FullAnno: A Data Engine for Enhancing Image Comprehension of MLLMs

Jing Hao,Yuxiang Zhao,Song Chen,Yanpeng Sun,Qiang Chen,Gang Zhang,Kun Yao,Errui Ding,Jingdong Wang
2024-09-20
Abstract:Multimodal Large Language Models (MLLMs) have shown promise in a broad range of vision-language tasks with their strong reasoning and generalization capabilities. However, they heavily depend on high-quality data in the Supervised Fine-Tuning (SFT) phase. The existing approaches aim to curate high-quality data via GPT-4V, but they are not scalable due to the commercial nature of GPT-4V and the simplicity of the prompts used to instruct the model. To this end, we devised the FullAnno system, which is a data engine that can generate large-scale, high-quality, and fine-grained image annotations consisting of the category and position of objects, region descriptions, text information, as well as image dense captions. This engine is characterized by its cascade annotation process, which involves multiple expert models and employs rich prompts to instruct LLMs in generating dense image captions. We re-annotated the COCO and Visual Genome datasets using our FullAnno system, tripling the number of object annotations and increasing the length of the original image captions by a factor of 15. Experiments show that the regenerated annotation can significantly enhance the capabilities of LLaVA-v1.5 on several benchmarks. The re-annotated data are available at: <a class="link-external link-https" href="https://arcana-project-page.github.io" rel="external noopener nofollow">this https URL</a>
Computer Vision and Pattern Recognition
What problem does this paper attempt to address?

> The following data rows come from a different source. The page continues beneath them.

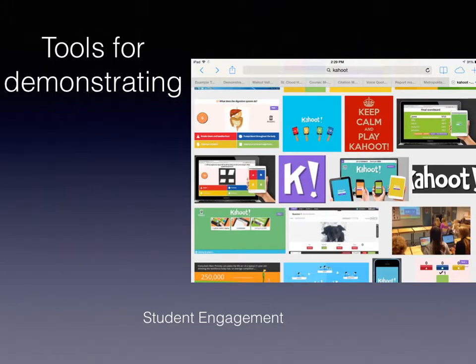Some ways that you could actually document engagement, for example, is simply using Kahoot. People are doing it all the time. You can walk by a classroom and hear students shouting, the clickers going, people laughing — and you can take a picture of that engagement or take a video of it.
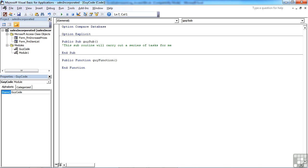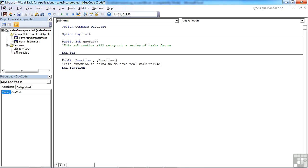So we could do the same with our function. Single apostrophe to start the line. Say this function is going to do some real work, unlike the subroutine we have created above.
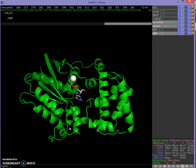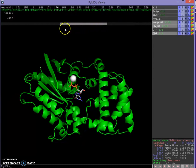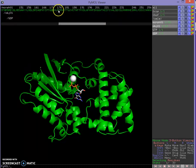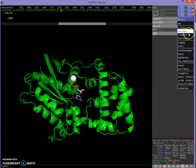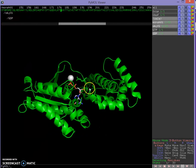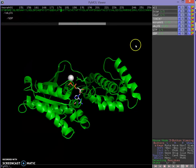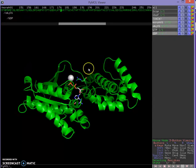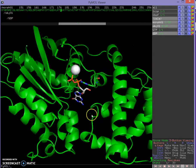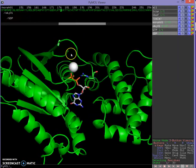Another thing we want to look at is the catalytic residues inside G alpha. One of those is the arginine at position 178. Looking at the sequence viewer, position 178 is this arginine here — that just became my selection. I'm going to show that selection as sticks so it overlays with my cartoon, and color it by element so you can see the side chain.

The problem this paper attempts to address is the high dependency of Multimodal Large Language Models (MLLMs) on high-quality data in vision-language tasks. Existing methods, although capable of generating high-quality data through the GPT-4 Vision model, suffer from poor scalability, primarily due to the commercial nature of GPT-4 Vision and the simple prompts used to guide the model. To overcome these issues, the authors designed a data engine named FullAnno, which can automatically generate large-scale, high-quality, and fine-grained image annotation data. Specifically, the main contributions of the paper include: 1. **Designing the FullAnno data engine**: It generates detailed image annotations through multiple expert models and rich prompts, including object categories and locations, region descriptions, text information, and dense image captions. 2. **Re-annotating the COCO and Visual Genome datasets**: Increasing the number of object annotations and significantly expanding the length of the original image captions. 3. **Validating the effectiveness of the re-annotated data**: Experiments demonstrate that the re-annotated data can significantly improve the performance of LLaVA-v1.5 on multiple benchmarks. Overall, this paper aims to improve the performance of multimodal large language models in vision-language tasks by generating high-quality image annotation data.